[Caption-style text data]
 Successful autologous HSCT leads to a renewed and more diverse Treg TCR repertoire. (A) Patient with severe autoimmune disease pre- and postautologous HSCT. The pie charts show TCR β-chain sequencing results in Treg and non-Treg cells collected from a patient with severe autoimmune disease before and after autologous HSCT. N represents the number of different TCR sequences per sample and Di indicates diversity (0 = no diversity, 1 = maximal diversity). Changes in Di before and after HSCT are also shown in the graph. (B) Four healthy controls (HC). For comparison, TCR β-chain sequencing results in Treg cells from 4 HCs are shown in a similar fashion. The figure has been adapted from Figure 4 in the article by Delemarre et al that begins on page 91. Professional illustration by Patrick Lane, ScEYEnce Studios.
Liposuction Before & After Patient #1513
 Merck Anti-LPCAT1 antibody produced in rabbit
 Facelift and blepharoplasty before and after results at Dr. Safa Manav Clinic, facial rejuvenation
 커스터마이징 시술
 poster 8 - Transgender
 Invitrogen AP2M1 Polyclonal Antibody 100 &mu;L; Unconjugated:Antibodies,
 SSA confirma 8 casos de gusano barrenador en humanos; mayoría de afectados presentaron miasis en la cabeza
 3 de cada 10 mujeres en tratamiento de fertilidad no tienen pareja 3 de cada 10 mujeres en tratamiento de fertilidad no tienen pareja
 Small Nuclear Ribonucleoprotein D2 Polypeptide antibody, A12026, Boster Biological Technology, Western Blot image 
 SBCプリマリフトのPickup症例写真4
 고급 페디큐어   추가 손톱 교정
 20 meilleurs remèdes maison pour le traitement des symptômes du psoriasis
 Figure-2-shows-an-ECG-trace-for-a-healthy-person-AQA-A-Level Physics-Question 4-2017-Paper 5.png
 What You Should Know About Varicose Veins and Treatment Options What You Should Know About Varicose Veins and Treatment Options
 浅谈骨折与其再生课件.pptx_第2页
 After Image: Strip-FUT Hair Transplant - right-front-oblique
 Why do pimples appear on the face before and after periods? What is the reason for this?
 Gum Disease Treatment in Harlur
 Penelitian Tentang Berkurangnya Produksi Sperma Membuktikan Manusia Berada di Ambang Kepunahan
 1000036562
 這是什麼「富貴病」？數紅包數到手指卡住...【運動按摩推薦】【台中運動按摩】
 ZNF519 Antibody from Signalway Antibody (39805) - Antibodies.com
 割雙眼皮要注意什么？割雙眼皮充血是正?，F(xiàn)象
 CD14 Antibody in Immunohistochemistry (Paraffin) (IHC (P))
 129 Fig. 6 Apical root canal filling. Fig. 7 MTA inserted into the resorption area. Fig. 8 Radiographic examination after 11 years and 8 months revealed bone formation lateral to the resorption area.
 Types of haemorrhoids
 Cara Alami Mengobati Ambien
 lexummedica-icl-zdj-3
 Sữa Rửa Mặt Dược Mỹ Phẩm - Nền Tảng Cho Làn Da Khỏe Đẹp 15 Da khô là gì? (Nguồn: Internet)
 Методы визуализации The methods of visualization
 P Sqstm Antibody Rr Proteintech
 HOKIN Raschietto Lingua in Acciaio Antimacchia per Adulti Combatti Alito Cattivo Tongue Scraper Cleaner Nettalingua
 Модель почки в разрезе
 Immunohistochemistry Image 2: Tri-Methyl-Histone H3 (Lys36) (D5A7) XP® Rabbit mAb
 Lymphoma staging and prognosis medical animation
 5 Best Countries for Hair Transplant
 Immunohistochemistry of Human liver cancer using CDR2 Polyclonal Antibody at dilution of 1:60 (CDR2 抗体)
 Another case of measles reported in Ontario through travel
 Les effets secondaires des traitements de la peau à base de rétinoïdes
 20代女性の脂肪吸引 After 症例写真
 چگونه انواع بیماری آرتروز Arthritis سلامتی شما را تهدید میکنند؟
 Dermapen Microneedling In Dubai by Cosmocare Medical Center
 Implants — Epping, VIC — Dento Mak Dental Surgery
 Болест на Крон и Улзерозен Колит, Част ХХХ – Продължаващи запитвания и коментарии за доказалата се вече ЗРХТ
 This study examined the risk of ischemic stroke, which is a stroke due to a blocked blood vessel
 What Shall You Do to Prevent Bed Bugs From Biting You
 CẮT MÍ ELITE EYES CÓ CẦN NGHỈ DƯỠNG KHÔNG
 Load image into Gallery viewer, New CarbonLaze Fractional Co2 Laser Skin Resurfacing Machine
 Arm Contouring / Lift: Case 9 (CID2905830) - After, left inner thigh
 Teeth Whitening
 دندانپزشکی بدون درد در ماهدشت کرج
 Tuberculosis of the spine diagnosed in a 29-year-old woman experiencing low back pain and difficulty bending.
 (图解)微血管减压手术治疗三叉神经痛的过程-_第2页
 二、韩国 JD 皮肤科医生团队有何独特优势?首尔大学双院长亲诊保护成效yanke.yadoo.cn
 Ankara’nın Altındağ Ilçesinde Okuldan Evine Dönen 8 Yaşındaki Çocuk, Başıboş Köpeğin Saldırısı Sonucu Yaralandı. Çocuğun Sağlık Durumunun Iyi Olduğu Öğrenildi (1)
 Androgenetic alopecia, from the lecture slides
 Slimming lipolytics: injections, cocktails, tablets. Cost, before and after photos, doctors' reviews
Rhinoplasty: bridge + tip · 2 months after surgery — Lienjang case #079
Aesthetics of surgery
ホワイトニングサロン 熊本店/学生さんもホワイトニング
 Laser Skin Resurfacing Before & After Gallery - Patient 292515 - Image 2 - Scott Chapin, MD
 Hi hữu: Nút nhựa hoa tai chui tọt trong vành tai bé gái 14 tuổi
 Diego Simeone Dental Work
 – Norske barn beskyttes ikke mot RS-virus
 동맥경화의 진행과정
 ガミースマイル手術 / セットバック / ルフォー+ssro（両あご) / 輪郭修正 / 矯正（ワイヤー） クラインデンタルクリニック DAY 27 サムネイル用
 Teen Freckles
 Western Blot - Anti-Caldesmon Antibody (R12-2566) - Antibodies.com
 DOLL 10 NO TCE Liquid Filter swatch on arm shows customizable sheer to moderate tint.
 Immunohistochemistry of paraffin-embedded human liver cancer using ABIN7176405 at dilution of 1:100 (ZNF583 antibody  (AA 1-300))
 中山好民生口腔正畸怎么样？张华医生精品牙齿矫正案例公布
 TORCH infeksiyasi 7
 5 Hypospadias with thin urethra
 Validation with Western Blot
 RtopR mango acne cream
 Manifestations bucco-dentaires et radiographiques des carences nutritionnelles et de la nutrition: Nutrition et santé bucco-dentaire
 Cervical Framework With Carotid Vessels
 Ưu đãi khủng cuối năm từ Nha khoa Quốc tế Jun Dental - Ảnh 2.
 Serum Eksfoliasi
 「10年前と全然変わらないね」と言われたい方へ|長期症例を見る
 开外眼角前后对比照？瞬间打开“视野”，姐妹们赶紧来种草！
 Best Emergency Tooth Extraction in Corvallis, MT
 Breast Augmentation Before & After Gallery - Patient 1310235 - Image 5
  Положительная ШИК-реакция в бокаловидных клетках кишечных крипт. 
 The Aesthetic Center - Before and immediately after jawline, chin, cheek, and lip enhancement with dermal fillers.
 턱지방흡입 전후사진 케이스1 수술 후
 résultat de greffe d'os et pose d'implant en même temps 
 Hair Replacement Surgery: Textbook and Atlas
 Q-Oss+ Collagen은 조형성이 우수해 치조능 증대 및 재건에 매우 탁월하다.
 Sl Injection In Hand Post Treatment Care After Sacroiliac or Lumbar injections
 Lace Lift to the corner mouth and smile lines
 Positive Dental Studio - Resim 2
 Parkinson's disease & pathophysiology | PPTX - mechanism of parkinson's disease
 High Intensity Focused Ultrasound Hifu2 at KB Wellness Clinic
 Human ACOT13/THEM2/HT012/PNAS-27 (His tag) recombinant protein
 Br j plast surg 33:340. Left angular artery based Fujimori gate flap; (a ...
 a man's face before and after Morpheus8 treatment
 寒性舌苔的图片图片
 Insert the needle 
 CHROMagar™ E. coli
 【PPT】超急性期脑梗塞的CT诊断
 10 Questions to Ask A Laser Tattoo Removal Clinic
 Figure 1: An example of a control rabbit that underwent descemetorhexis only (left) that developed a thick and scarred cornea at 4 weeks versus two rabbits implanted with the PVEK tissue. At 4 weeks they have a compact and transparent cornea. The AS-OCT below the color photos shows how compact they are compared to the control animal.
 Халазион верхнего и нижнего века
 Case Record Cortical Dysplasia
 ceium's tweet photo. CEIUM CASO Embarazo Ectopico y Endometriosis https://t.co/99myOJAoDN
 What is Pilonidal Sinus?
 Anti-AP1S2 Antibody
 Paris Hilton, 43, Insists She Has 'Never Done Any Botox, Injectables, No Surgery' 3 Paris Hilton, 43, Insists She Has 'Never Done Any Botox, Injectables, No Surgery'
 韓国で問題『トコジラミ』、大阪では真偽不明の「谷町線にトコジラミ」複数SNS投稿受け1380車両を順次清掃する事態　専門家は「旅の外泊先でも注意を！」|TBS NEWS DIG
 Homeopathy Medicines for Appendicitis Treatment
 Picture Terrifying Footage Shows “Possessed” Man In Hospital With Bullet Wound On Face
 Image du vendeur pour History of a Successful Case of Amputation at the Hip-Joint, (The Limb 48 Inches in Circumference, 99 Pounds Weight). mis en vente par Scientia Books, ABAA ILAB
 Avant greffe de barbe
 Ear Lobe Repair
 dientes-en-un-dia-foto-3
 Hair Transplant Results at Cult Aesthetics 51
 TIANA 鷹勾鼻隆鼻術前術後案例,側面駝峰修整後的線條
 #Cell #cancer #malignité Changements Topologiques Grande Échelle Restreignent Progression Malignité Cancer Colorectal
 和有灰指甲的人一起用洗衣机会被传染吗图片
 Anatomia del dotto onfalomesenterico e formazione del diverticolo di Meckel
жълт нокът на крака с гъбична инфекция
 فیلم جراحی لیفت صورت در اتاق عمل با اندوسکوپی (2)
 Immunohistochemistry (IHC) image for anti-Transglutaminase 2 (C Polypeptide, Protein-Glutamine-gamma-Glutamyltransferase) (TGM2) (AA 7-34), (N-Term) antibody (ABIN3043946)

# EXERCISE REQUIREMENTS
The lines above that include "into" should each be listed.

# RESULT BELOW
 129 Fig. 6 Apical root canal filling. Fig. 7 MTA inserted into the resorption area. Fig. 8 Radiographic examination after 11 years and 8 months revealed bone formation lateral to the resorption area.
 Load image into Gallery viewer, New CarbonLaze Fractional Co2 Laser Skin Resurfacing Machine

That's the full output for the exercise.